Short web captions:
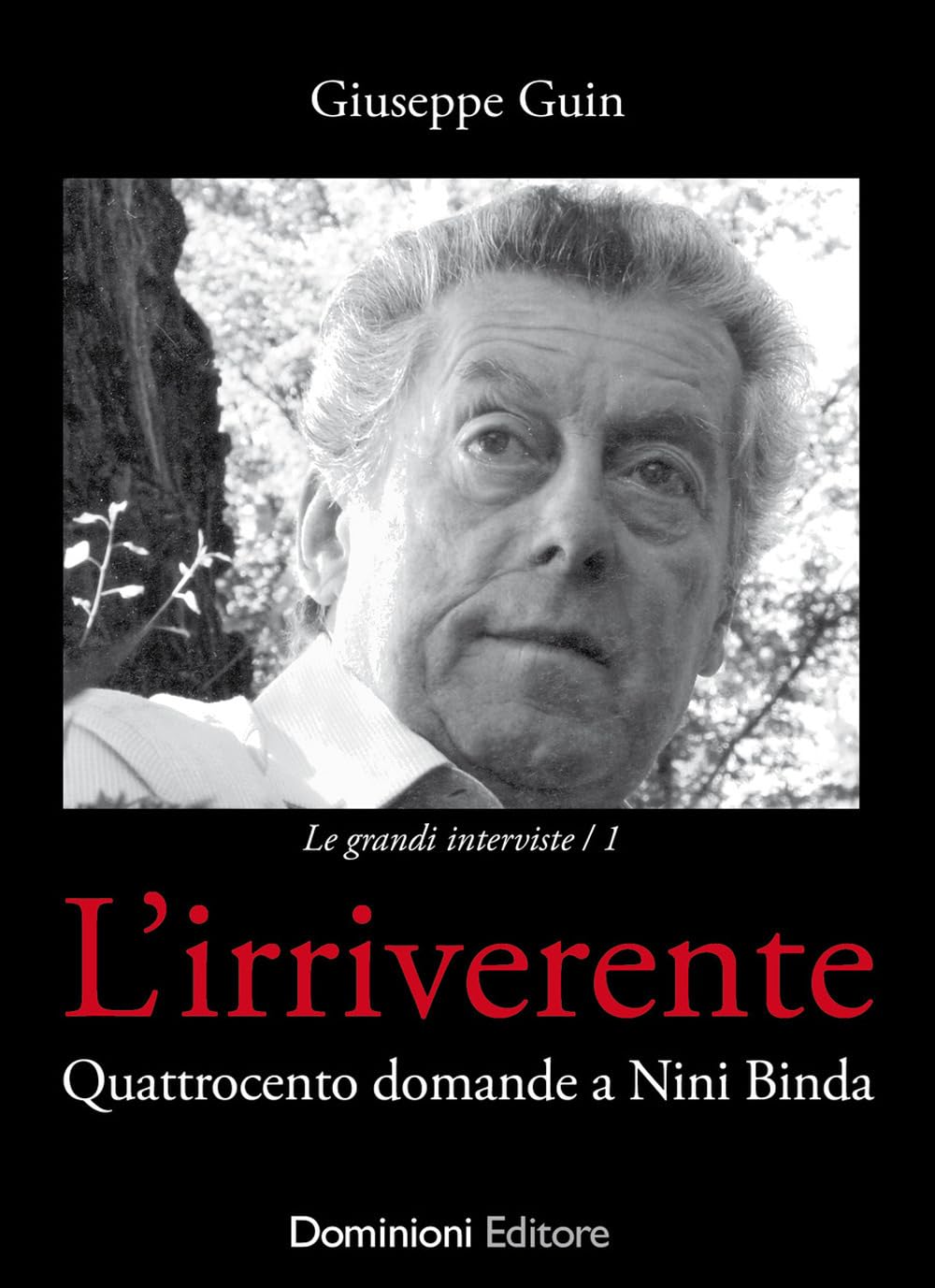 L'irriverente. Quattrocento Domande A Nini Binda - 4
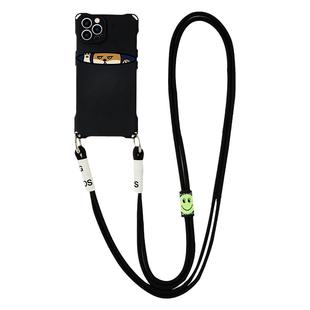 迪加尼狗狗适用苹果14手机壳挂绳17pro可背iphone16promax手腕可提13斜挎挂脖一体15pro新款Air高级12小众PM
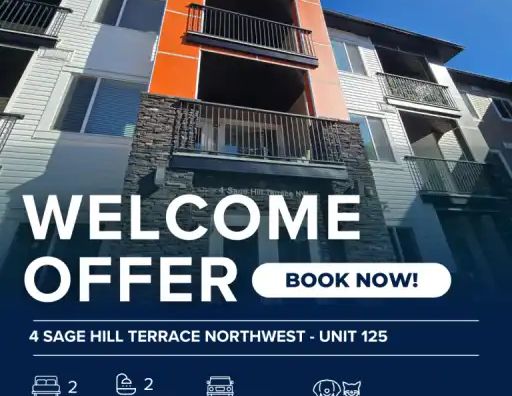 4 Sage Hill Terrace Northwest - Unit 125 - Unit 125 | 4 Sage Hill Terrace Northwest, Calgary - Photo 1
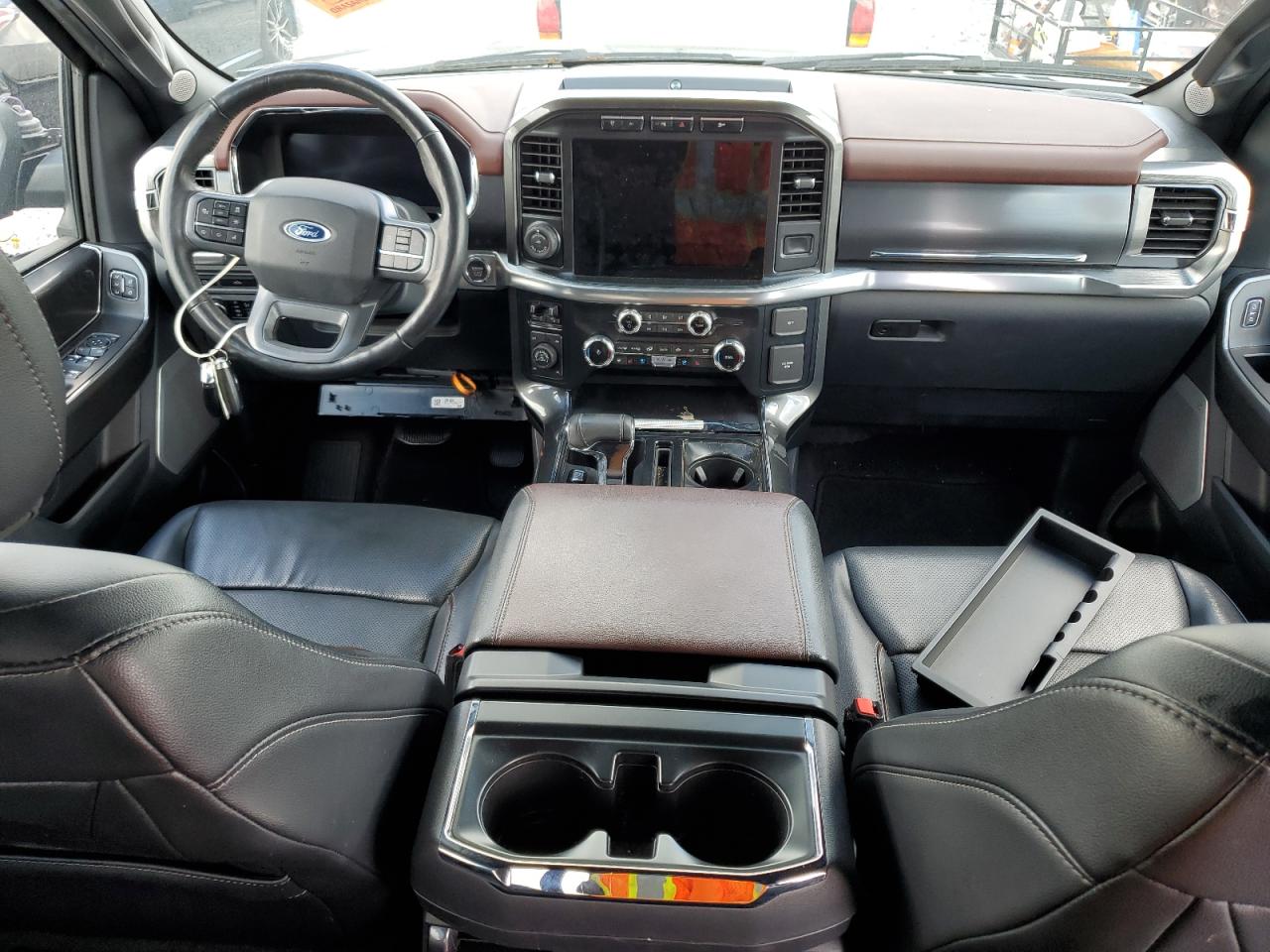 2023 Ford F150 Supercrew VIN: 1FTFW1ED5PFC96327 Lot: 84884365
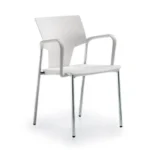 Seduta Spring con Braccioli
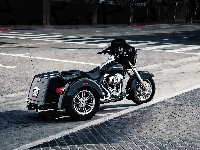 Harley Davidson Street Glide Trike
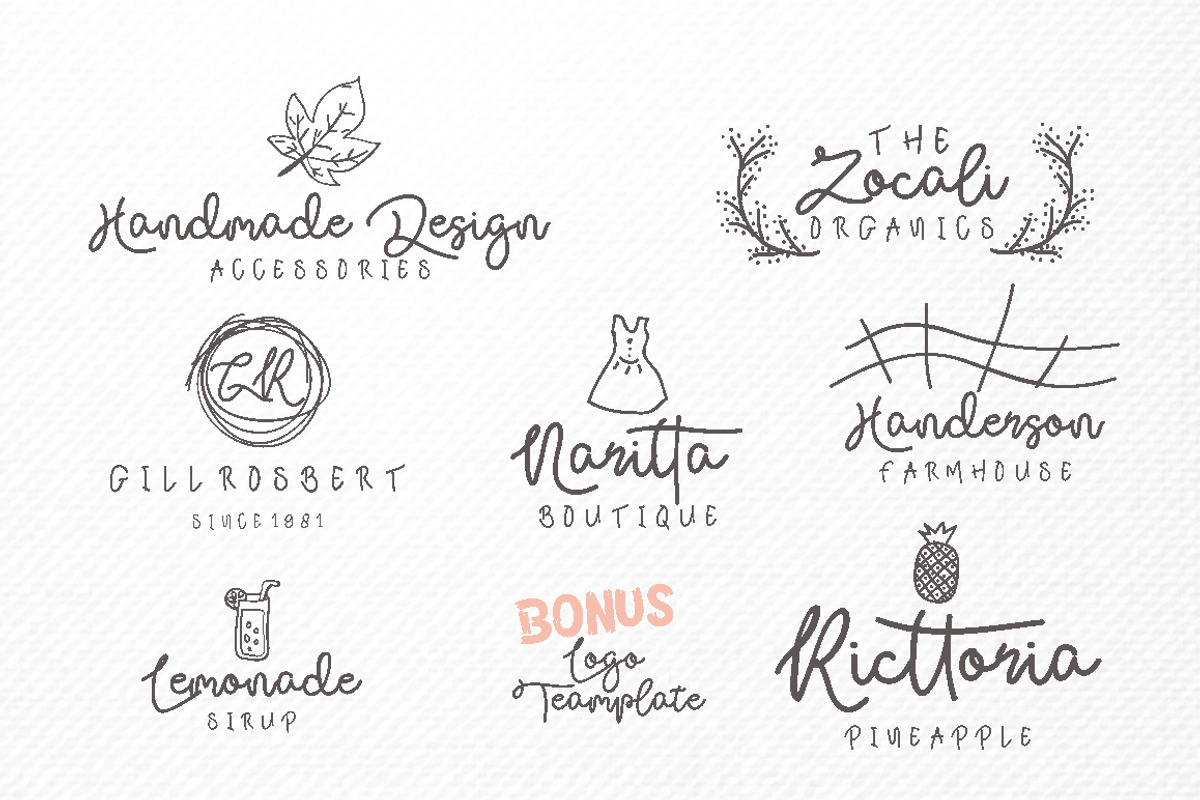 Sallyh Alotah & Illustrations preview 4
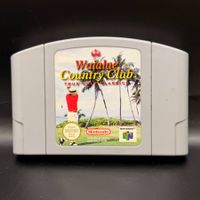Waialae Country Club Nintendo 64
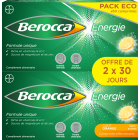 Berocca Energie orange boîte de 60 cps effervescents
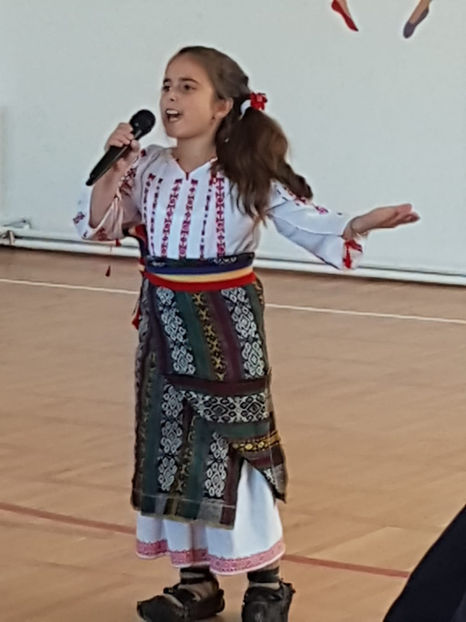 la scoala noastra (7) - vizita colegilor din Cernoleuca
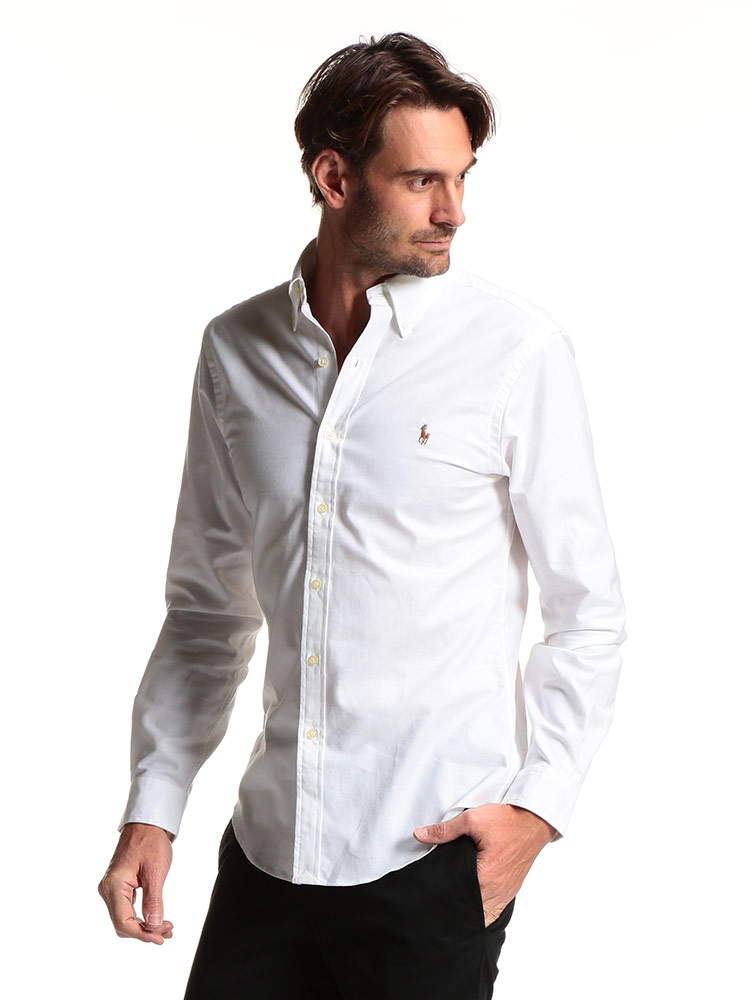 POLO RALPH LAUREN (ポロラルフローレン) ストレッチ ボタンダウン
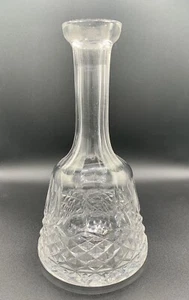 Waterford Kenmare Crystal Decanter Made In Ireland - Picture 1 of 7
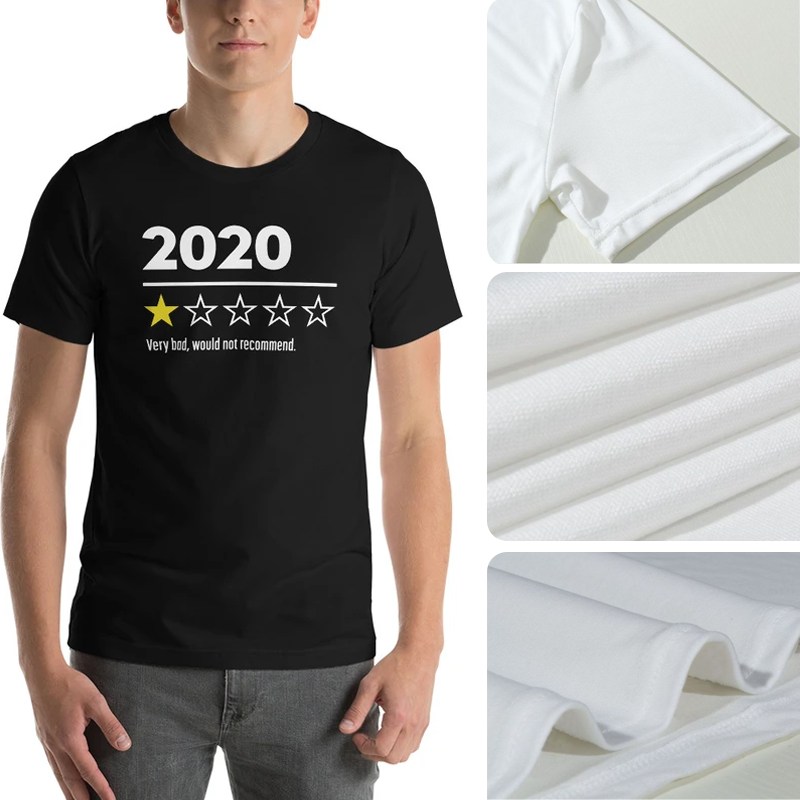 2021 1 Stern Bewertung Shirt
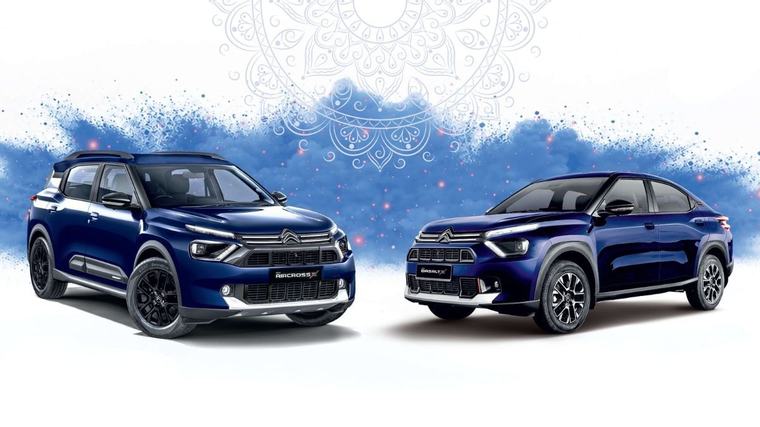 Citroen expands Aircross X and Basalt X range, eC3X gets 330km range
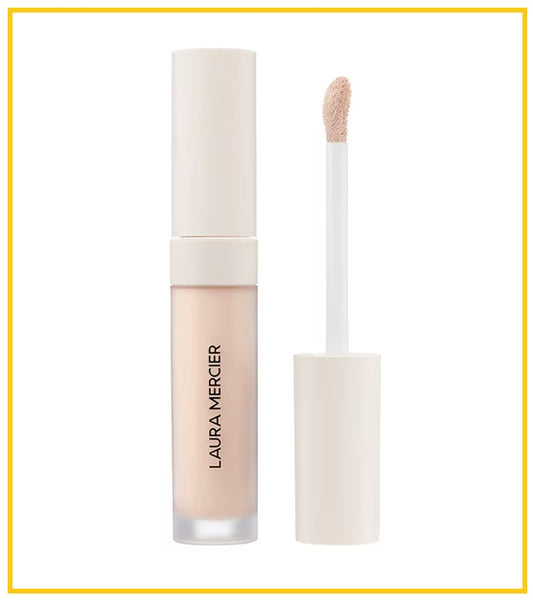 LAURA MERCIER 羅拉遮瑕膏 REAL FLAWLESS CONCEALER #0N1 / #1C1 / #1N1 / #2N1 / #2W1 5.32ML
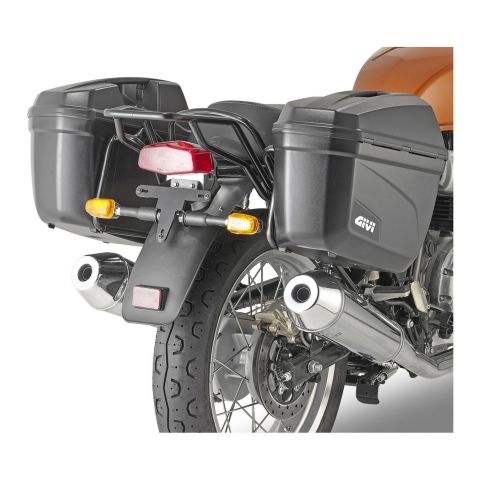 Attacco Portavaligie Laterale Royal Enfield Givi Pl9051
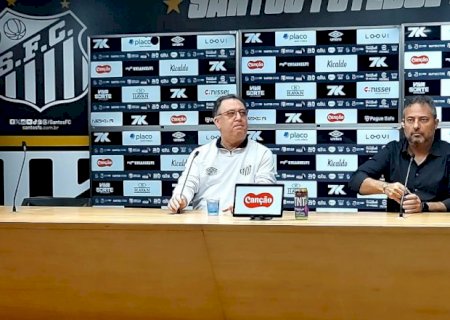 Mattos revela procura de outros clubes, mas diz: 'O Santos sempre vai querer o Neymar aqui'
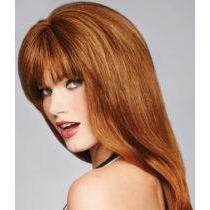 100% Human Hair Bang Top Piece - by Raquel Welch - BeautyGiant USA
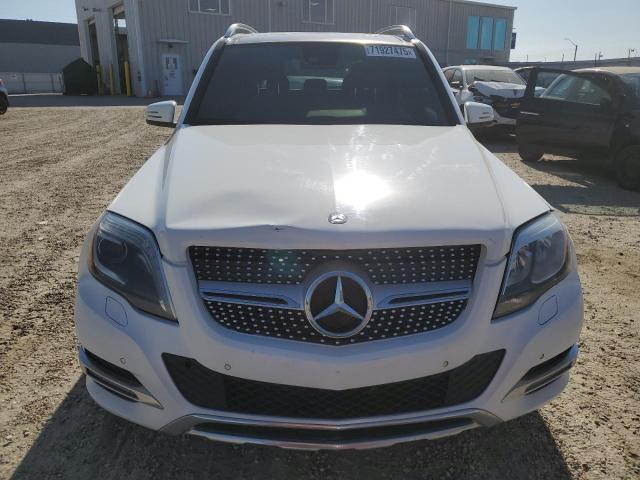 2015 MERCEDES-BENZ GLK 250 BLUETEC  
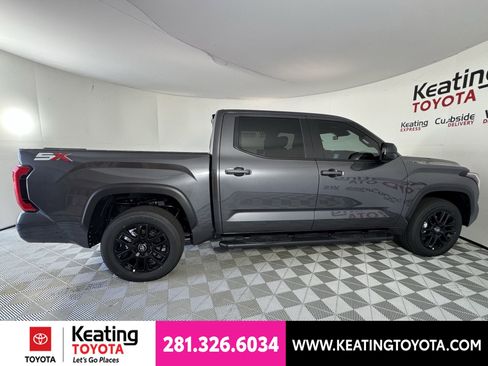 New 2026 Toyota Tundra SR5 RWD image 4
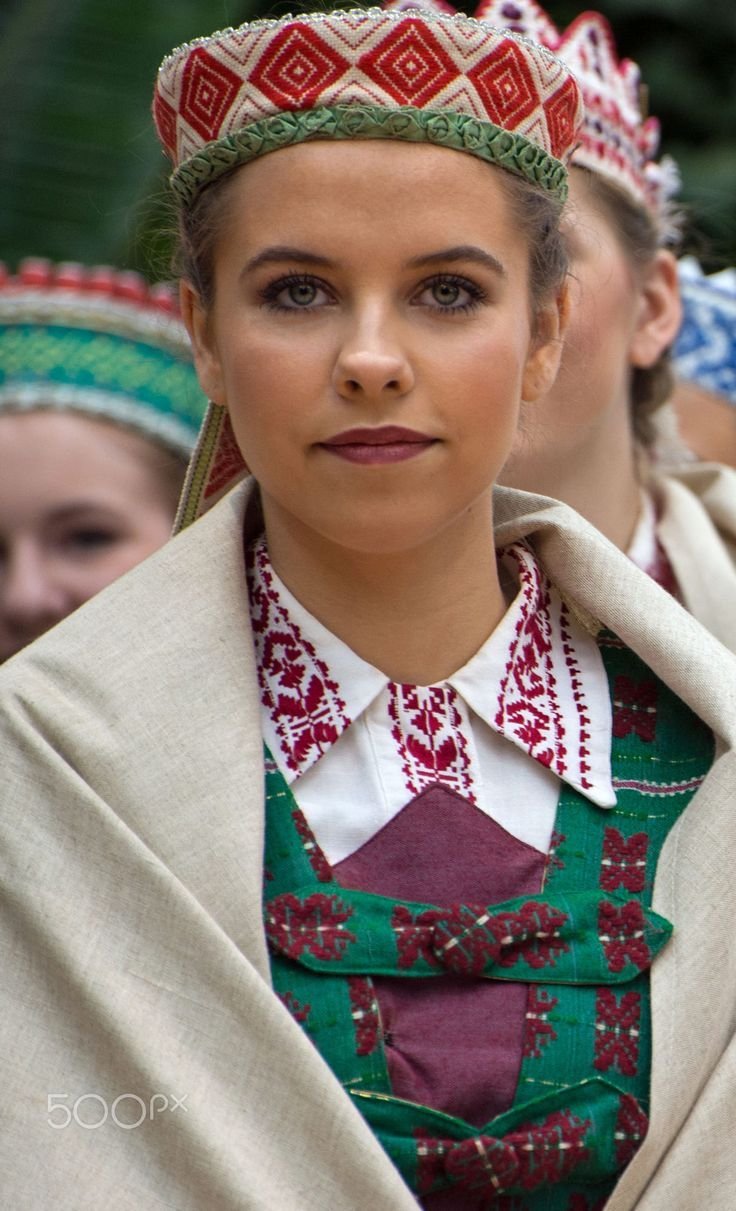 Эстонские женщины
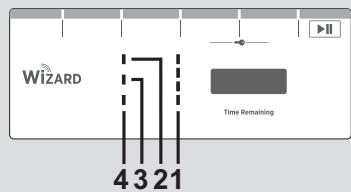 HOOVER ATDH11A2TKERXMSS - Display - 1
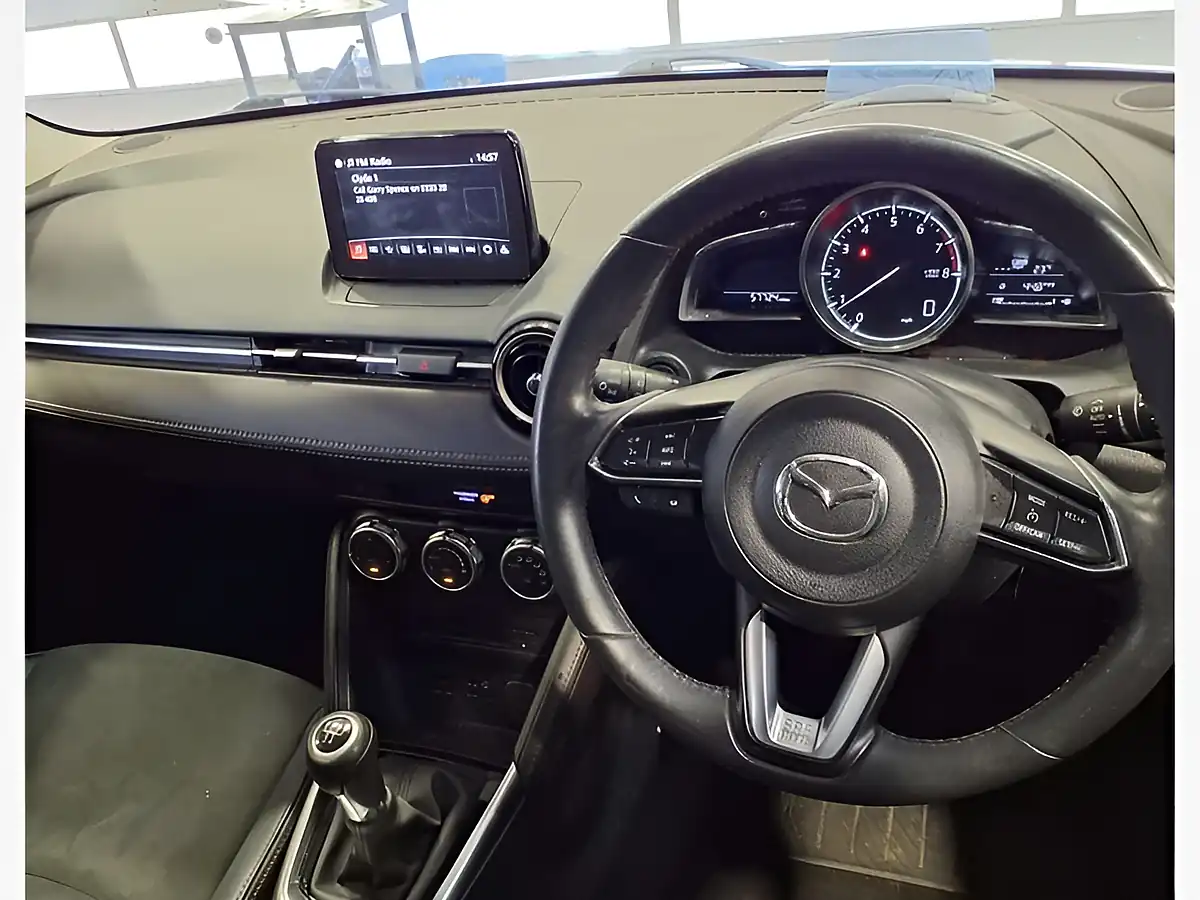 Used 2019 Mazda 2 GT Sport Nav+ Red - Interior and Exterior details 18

### Aim of the task
When you reach the line with "2021 1 Stern Bewertung Shirt" in the entries above, start copying, and go on word for word to the last line; skip any picture.

### Output for this exercise
 2021 1 Stern Bewertung Shirt
 Citroen expands Aircross X and Basalt X range, eC3X gets 330km range
 LAURA MERCIER 羅拉遮瑕膏 REAL FLAWLESS CONCEALER #0N1 / #1C1 / #1N1 / #2N1 / #2W1 5.32ML
 Attacco Portavaligie Laterale Royal Enfield Givi Pl9051
 Mattos revela procura de outros clubes, mas diz: 'O Santos sempre vai querer o Neymar aqui'
 100% Human Hair Bang Top Piece - by Raquel Welch - BeautyGiant USA
 2015 MERCEDES-BENZ GLK 250 BLUETEC  
 New 2026 Toyota Tundra SR5 RWD image 4
 Эстонские женщины
 HOOVER ATDH11A2TKERXMSS - Display - 1
 Used 2019 Mazda 2 GT Sport Nav+ Red - Interior and Exterior details 18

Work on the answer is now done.